Liputan6.com, Petailing jaya - Keputusan menyetop pengiriman tenaga kerja Indonesia (TKI) ke Malaysia atas dasar pelanggaran dalam kesepakatan perekrutan pekerja yang ditandatangani antara kedua negara dikeluhkan salah satu pengusaha Negeri Jiran.
Tenaga kerja asing dari negara sumber lain dinilai tidak dapat mengatasi kelebihan tenaga kerja Indonesia yang dipandang lebih cocok dengan pengusaha, khususnya pelaku usaha makanan.
Baca Juga
Seorang operator kantin di Malaysia, Hamzah Basir mengatakan mereka lebih mudah berurusan dengan pekerja Indonesia karena mereka memiliki banyak kesamaan dalam hal budaya, selera makanan, dan bahasa.
Advertisement
"Sangat disayangkan sampai batas tertentu kita harus menyisihkan tenaga kerja Indonesia, itu sangat disayangkan bagi negara tidak hanya untuk operator industri makanan,” kata pria 57 tahun itu kepada FMT yang dikutip Rabu (20/7/2022).
Hamzah mengatakan pemerintah harus memberikan penjelasan rinci tentang masalah ini dan bertindak dengan bernegosiasi agar Indonesia menarik keputusan mereka.
"Jangan terus menjawab bahwa kita masih punya 15 (negara sumber) tenaga kerja. Bisakah mereka menjamin bahwa tenaga kerja dari negara lain mau datang bekerja di sini? Bukan hanya pedagang yang terkena dampaknya, tapi negara juga,” ujarnya.
Menteri Dalam Negeri Malaysia Hamzah Zainudin sebelumnya dikabarkan telah mengatakan bahwa Malaysia akan menggunakan 15 negara sumber lain untuk merekrut tenaga kerja asing, menyusul keputusan Indonesia untuk membekukan masuknya tenaga kerja.
* Fakta atau Hoaks? Untuk mengetahui kebenaran informasi yang beredar, silakan WhatsApp ke nomor Cek Fakta Liputan6.com 0811 9787 670 hanya dengan ketik kata kunci yang diinginkan.
Respons Dubes RI untuk Malaysia
Sebelumnya, Duta Besar Indonesia untuk Malaysia Hermono mengecam penolakan Malaysia untuk mematuhi nota kesepahaman (MoU) perekrutan pekerja rumah tangga yang ditandatangani tiga bulan lalu, menggambarkannya sebagai "tidak sopan".
Sistem ini dikaitkan dengan tuduhan perdagangan manusia dan kerja paksa.

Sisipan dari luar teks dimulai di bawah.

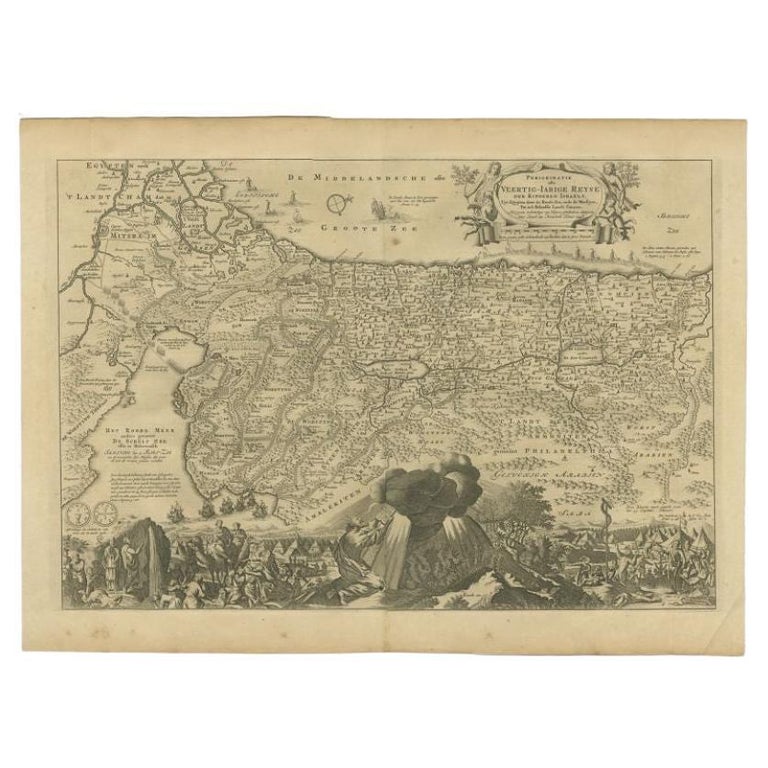 Carta geografica antica della Terra Santa di Keur, 1748 in vendita su  1stDibs
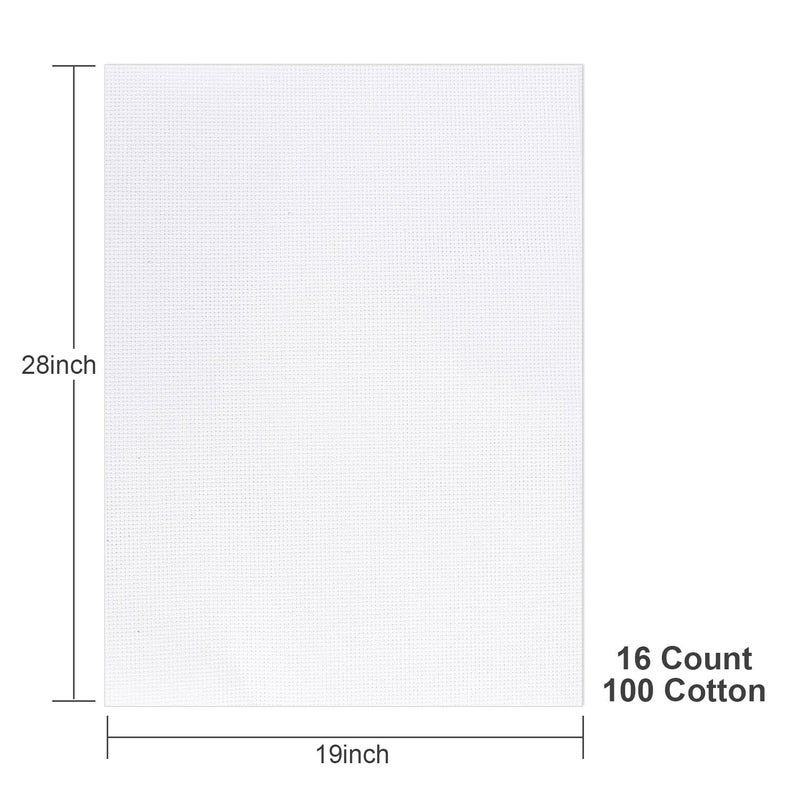 Donmon Aida Cloth 16 Count Cross Stitch Fabric,19Ã—28inch (16CT, White) - Image 2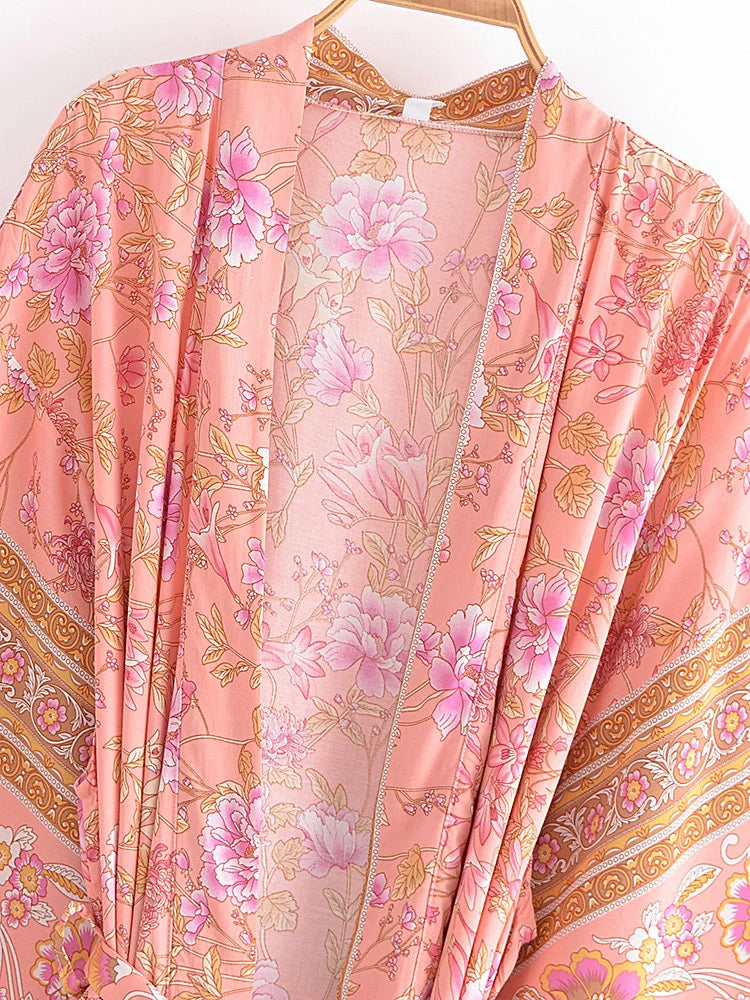 Vintage Chic Women Pink Floral Print Sashes Bohemian Kimono Ladies V Neck Batwing Sleeves Rayon Boho Robe Bikini Cover-ups - The Genie Store
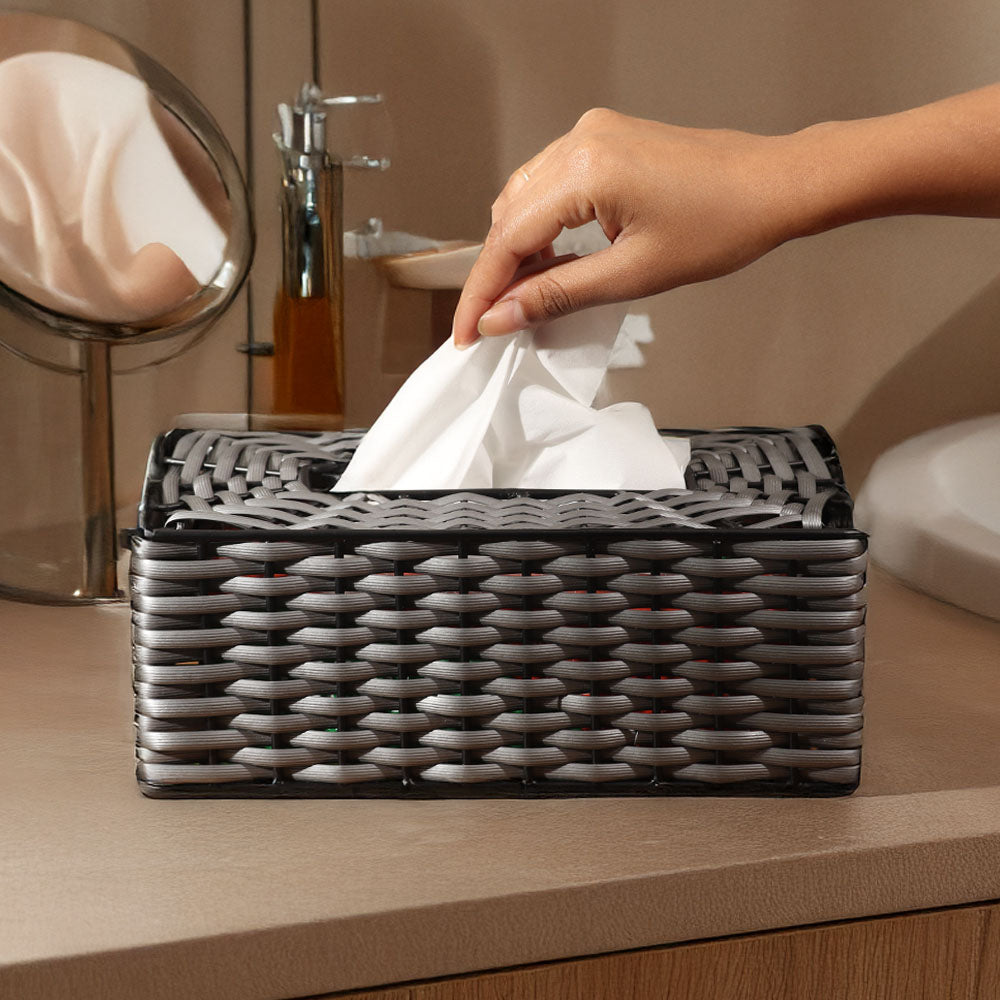 Weave Tissue Box Cover - Grey Black
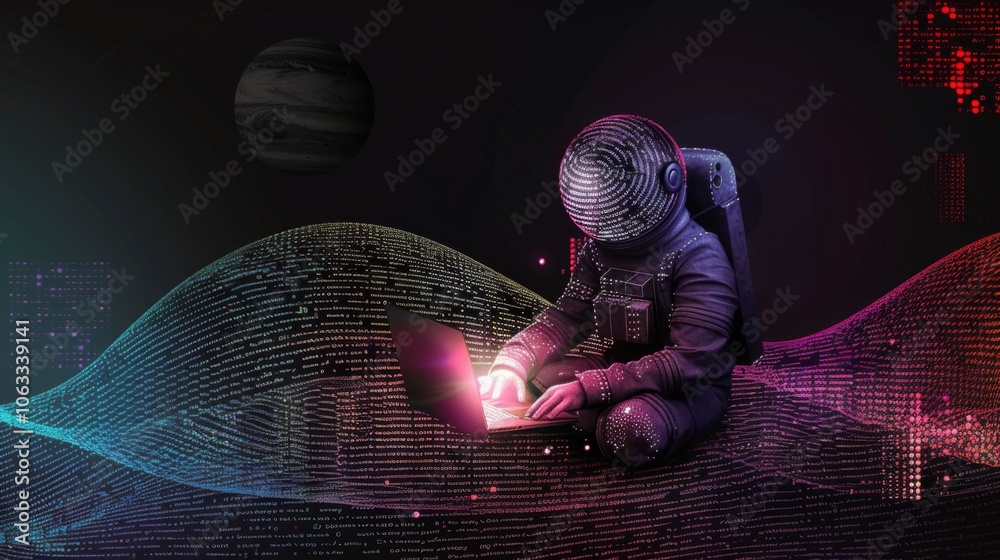 Poster an astronaut sits on vibrant digital waves, focused on coding on a laptop while surrounded by planet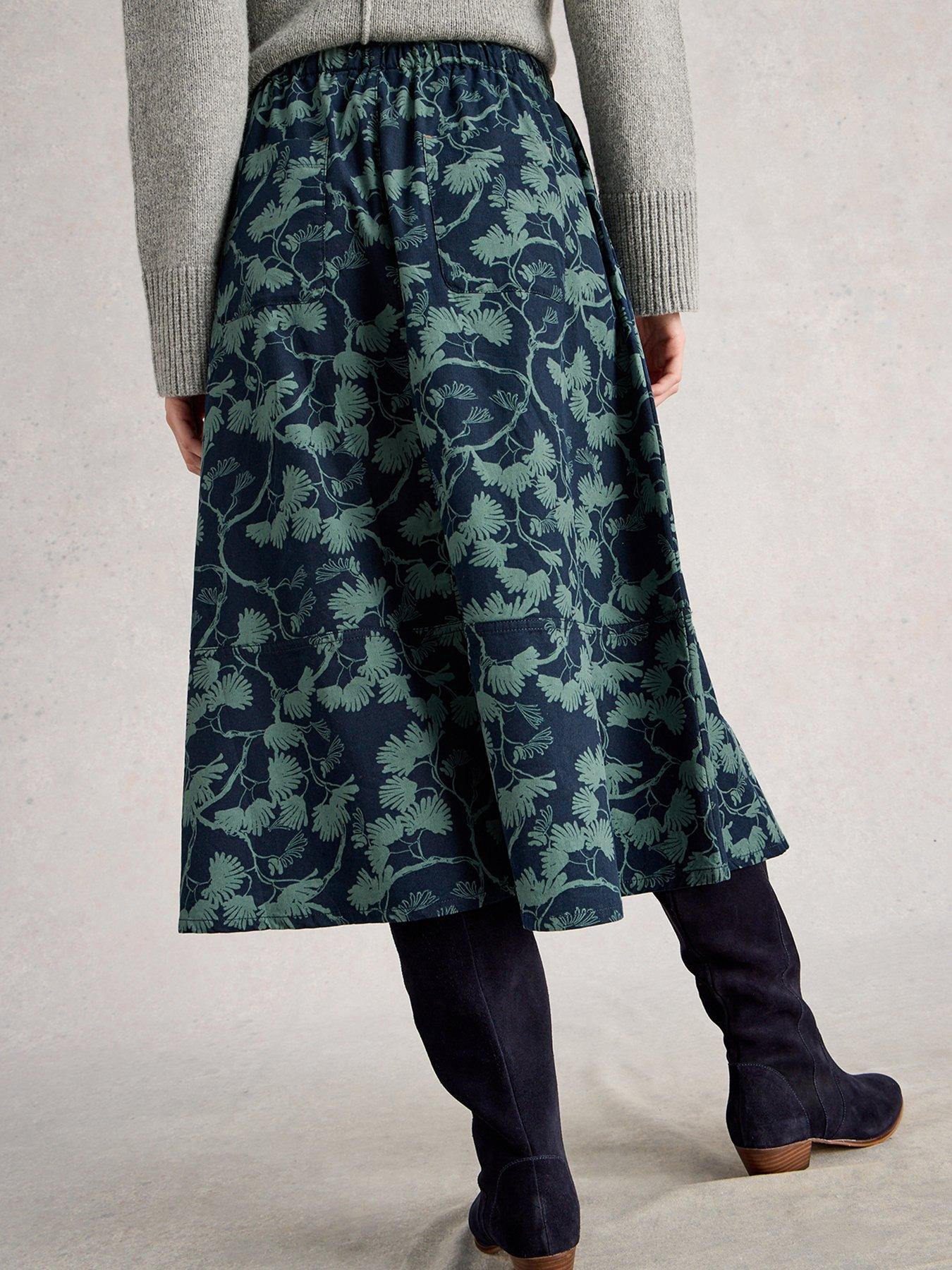 Image 2 of 6 of White Stuff Tilly Cord Midi Skirt - Blue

Hermono mengatakan Indonesia telah memberlakukan pembekuan sementara pada semua pekerja Indonesia yang masuk ke Malaysia karena Departemen Imigrasi terus menggunakan Maid Online System (MOS) untuk memfasilitasi perekrutan TKW Indonesia.
Sementara itu, operator restoran, Mohd Noorirwan Razali melihat langkah itu dapat membuka ruang untuk mengurangi pengangguran di kalangan penduduk setempat.
Namun, kata dia, sebenarnya tidak mudah merekrut tenaga kerja lokal dibandingkan dengan orang Indonesia.
"Masalahnya, berapa banyak orang Malaysia yang sebenarnya ingin bekerja di industri makanan, menjadi juru masak dan sebagainya? Saya sendiri kesulitan mencari karyawan."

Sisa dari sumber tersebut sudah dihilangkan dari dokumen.